1. Read the file in line by line with a reader, like new BufferedReader(new FileReader(filename))- you can call BufferedReader.readLine()in a while loop, checking for null each time.
2. For each line, call line.split("\\s")- that will split your line on whitespace and give you an array of all of the words.
3. For each word, add 1 to the word's count for the current document. This could be done using a HashMap.

1. 使用阅读器逐行读取文件，例如new BufferedReader(new FileReader(filename))- 您可以BufferedReader.readLine()在 while 循环中调用，每次检查是否为 null。
2. 对于每一行，调用line.split("\\s")- 这将在空白处拆分您的行并为您提供所有单词的数组。
3. 对于每个单词，将当前文档的单词计数加 1。这可以使用HashMap.

Now, after computing D for each document, you will have X values where X is the number of documents. To compare all documents against each other is to do only X^2 comparisons - this shouldn't take particularly long for 10,000. Remember that two documents are MORE similar if the absolute value of the difference between their D values is lower. So then you could compute the difference between the Ds of every pair of documents and store that in a priority queue or some other sorted structure such that the most similar documents bubble up to the top. Make sense?
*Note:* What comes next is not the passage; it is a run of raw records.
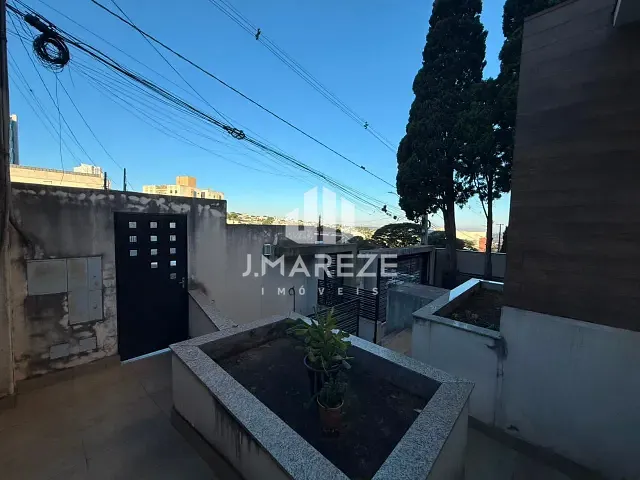 Sobrado com 500m² 5 quartos e 3 banheiros, à venda, no bairro Centro em Apucarana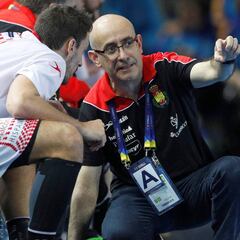 Ribera: "Debemos controlar a los centrales Duvnjak y Cindric"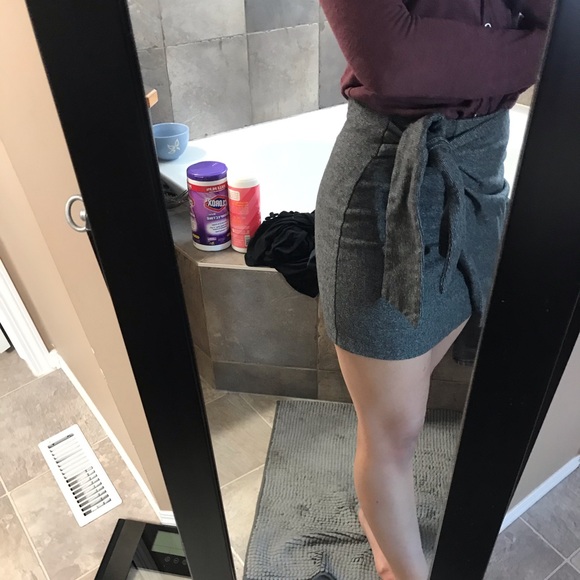 ARITZIA: Wilfred grey tweed mini skirt - Picture 3 of 6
现在，在为每个文档计算 D 后，您将有 X 值，其中 X 是文档数。将所有文档相互比较就是只进行 X^2 次比较——这对于 10,000 次来说应该不会特别长。请记住，如果两个文档的 D 值之间差异的绝对值较低，则它们更相似。因此，您可以计算每对文档的 D 之间的差异，并将其存储在优先级队列或其他排序结构中，以便最相似的文档向上冒泡。说得通？
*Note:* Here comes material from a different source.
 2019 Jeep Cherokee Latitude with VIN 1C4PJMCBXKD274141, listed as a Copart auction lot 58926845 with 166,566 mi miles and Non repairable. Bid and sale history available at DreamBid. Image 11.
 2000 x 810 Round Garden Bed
While you specifically asked not to refer Lucene, please allow me to point to you the exact class. The class you are looking for is DefaultSimilarity. It has an extremely simple API to calculate TF and IDF. See the java code here. Or you could just implement yourself as specified in the DefaultSimilarity documentation.

虽然您特别要求不要提及 Lucene，但请允许我向您指出确切的类。您正在寻找的类是DefaultSimilarity。它有一个非常简单的 API 来计算 TF 和 IDF。请参阅此处的 java 代码。或者您可以按照 DefaultSimilarity 文档中的说明自行实现。

          TF = sqrt(freq)

and

和

          IDF = log(numDocs/(docFreq+1)) + 1.

The log and sqrt functions are used to damp the actual values. Using the raw values can skew results dramatically.

log 和 sqrt 函数用于抑制实际值。使用原始值可能会显着扭曲结果。

agazerboy, Sujit Pal's blog postgives a thorough description of calculating TF and IDF. WRT verifying results, I suggest you start with a small corpus (say 100 documents) so that you can see easily whether you are correct. For 10000 documents, using Lucene begins to look like a really rational choice.

agazerboy，Sujit Pal 的博客文章详细描述了计算 TF 和 IDF。WRT验证结果，建议你先从一个小语料库开始（比如100个文档），这样你就可以很容易地看出你是否正确。对于 10000 个文档，使用 Lucene 开始看起来是一个非常合理的选择。